- Exercise goal -
Output exactly the lines of the listing below that run from the line with "Juego de Comedor" through the line with "Cute illustration of". No pictures.

- Source material -
*** Begin section ***

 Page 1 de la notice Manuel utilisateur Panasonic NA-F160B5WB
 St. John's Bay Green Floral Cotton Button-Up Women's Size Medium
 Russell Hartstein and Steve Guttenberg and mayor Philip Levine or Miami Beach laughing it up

*** End section ***
*** Begin section ***

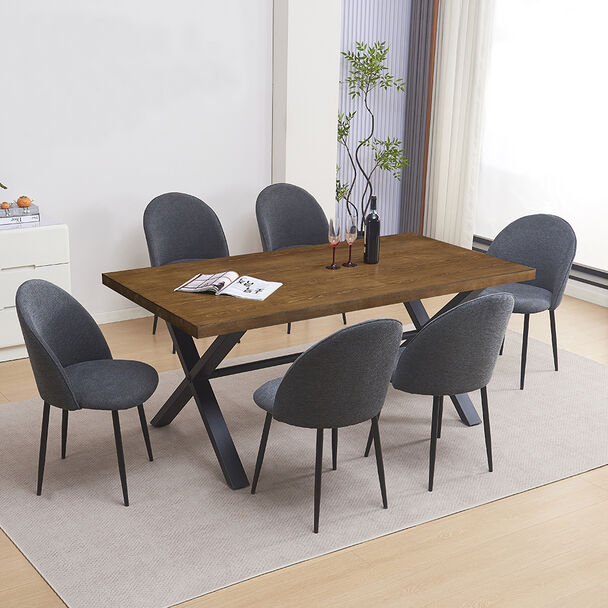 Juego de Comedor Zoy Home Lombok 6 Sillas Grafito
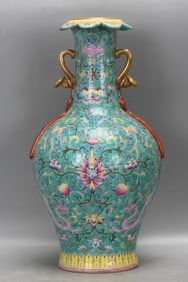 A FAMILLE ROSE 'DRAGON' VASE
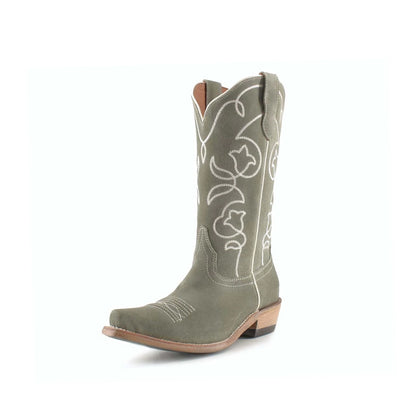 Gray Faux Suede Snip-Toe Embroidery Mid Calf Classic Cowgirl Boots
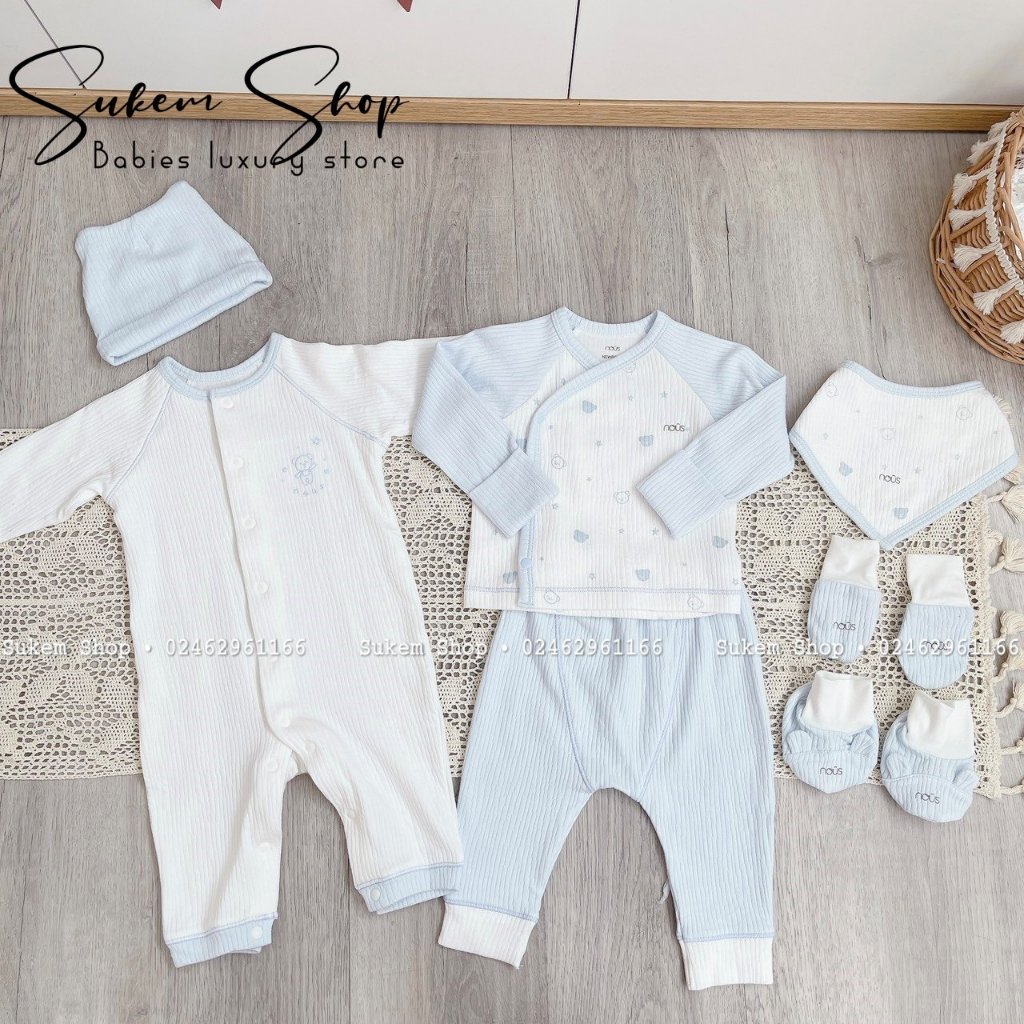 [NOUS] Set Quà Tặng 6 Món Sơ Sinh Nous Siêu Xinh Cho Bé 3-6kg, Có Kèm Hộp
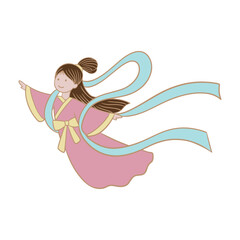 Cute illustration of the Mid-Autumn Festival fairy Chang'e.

*** End section ***

- Solved problem -
 Juego de Comedor Zoy Home Lombok 6 Sillas Grafito
 A FAMILLE ROSE 'DRAGON' VASE
 Gray Faux Suede Snip-Toe Embroidery Mid Calf Classic Cowgirl Boots
 [NOUS] Set Quà Tặng 6 Món Sơ Sinh Nous Siêu Xinh Cho Bé 3-6kg, Có Kèm Hộp
 Cute illustration of the Mid-Autumn Festival fairy Chang'e.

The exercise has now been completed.